RALEIGH – Do reform-oriented lawmakers and activists mean what they say when advocating measures to make legislative deliberations more open, fair, and, well, deliberative?

That’s a key question to ponder as the 2006 legislative session unfolds. As Gary Robertson of the Associated Press reports, it is evident that House Speaker Jim Black and Senate leader Marc Basnight, stung by the allegations and investigations of the past year, have made some significant changes. For example, in years past lawmakers seeking taxpayer funds for critically needed, economic-development bonanzas in their home districts (i.e. pork) lobbied to get the projects slipped into the general budget bill, either by name or as an implied recipient of a pot of discretionary funds. This year, both leaders told their members that each spending request would have to enter the chamber openly, in the form of a bill. As a result, they’ve filed some 4,900 bills. The last time that happened, North Carolinians were still reading about the sinking of the Titanic the previous spring.

Which may be an apt metaphor for some. I’ve heard lots of grumbling among lawmakers, lobbyists, and political observers about what they see as cataclysmic. How can the General Assembly possibly consider so many different bills in a “short” session that leaders hope to wrap up in mid-July?
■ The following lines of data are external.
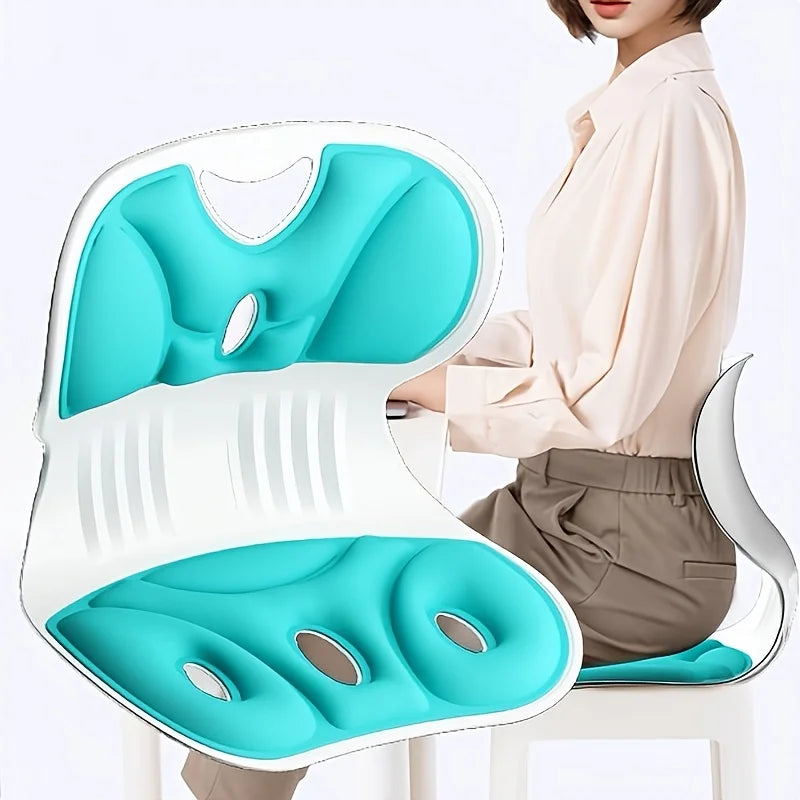 Ergonomic Backrest Cushion, Hollow Breathable Lumbar Support Pad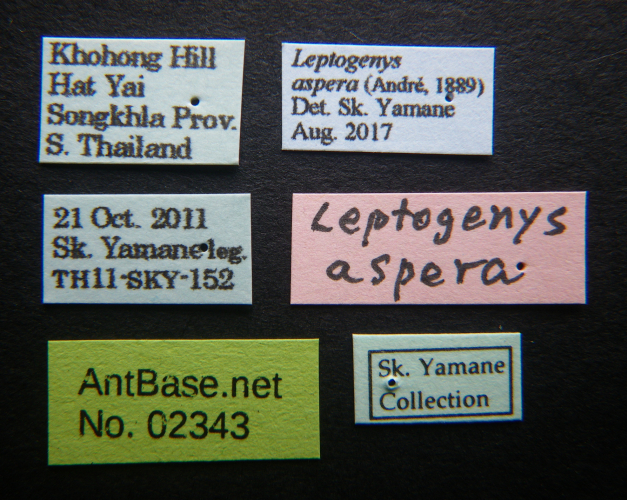 Leptogenys aspera label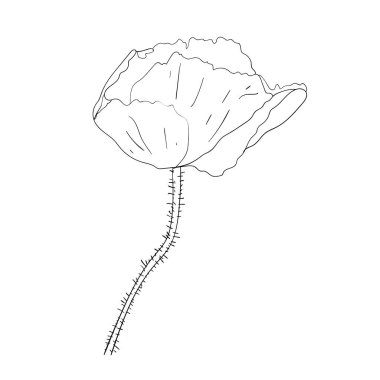 Poppy flower. Vector sketch.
How many members and local constituencies will see their hopes publicly dashed as it becomes plain that the vast majority of these bills have little chance of passage? Perhaps it was better the old way, some are whispering – at least it was tidier.
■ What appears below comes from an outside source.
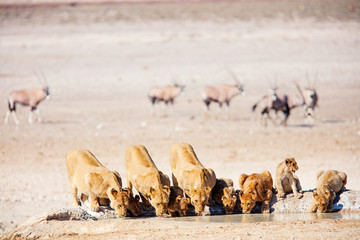 Lions pride in Africa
There’s a larger issue here about government reform. The cause is currently in vogue in Raleigh, for obvious reasons. But the political class hasn’t quite bought the underlying argument. Many see the need for reform as essentially political, as justified by public disaffection or media pressure, but not justified by outcomes. They would argue that the last several years of last-minute budgets and backroom deals may not have been pretty, but that they have yielded praiseworthy results.

Quite apart from the obvious debatable matter of whether repeated tax increases, state-run gambling, pork-barrel portliness, and regulatory malfeasance should qualify as praiseworthy results, this sentiment rather misses the point. Government is, or should be, about more than simply getting what you want at any particular point in time. The trick that slips your favorite bill pass a deadline today, or gets the provision you most hate out of the state budget tonight, may end up passing something you find truly abhorrent tomorrow. Moreover, the founders of America and North Carolina did not believe they were creating governmental structures that would pass as many bills as possible to please as many interest groups as possible. They believed they were creating governmental structures that would fund and operate core services but be extremely slow to change public policies or create new state endeavors.
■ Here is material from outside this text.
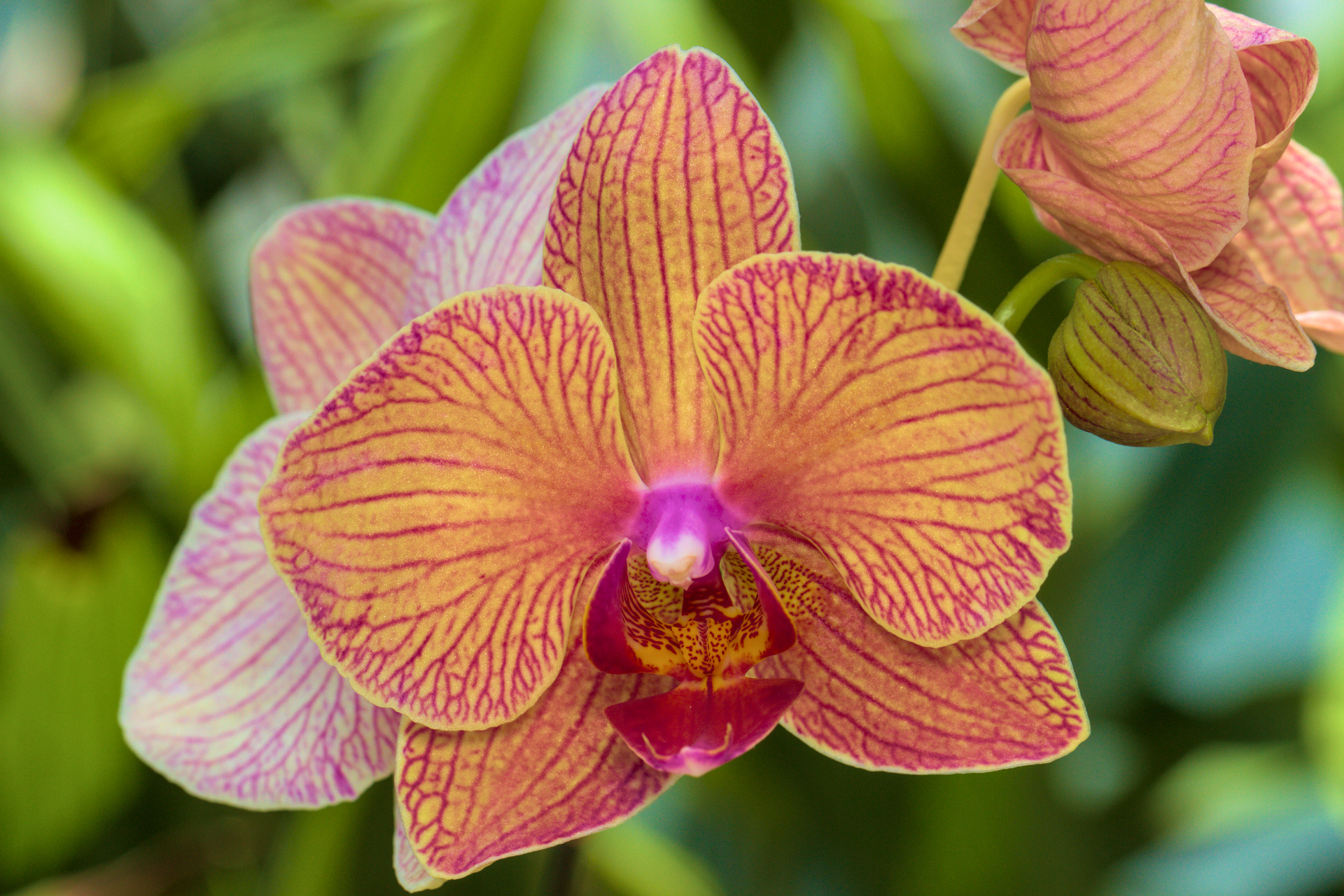 Moth Orchid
Honest, open, fair, deliberative government will inevitably be slow, messy government. It will be frustrating. You’ll have to listen repeatedly to the ponderous pontification of your least-favorite lawmaker. You’ll have to work hard, for a long time, to push your ideas through committees to the floor, then to the other chamber, then to the governor. You’ll have to object to unwise provisions openly, subjecting them to amendment and debate, not have them quietly killed in between rounds at the golf course.

To apply the principle this year: advocates of a minimum-wage increase need to be prepared to see it defeated if the only way it can pass the NC Senate is as a special provision of the budget bill. The same goes for advocates of video-poker bans or tax cuts – they should be prepared to uphold the integrity of the process, even if it does not immediately yield the outcomes they like.

Hood is president of the John Locke Foundation.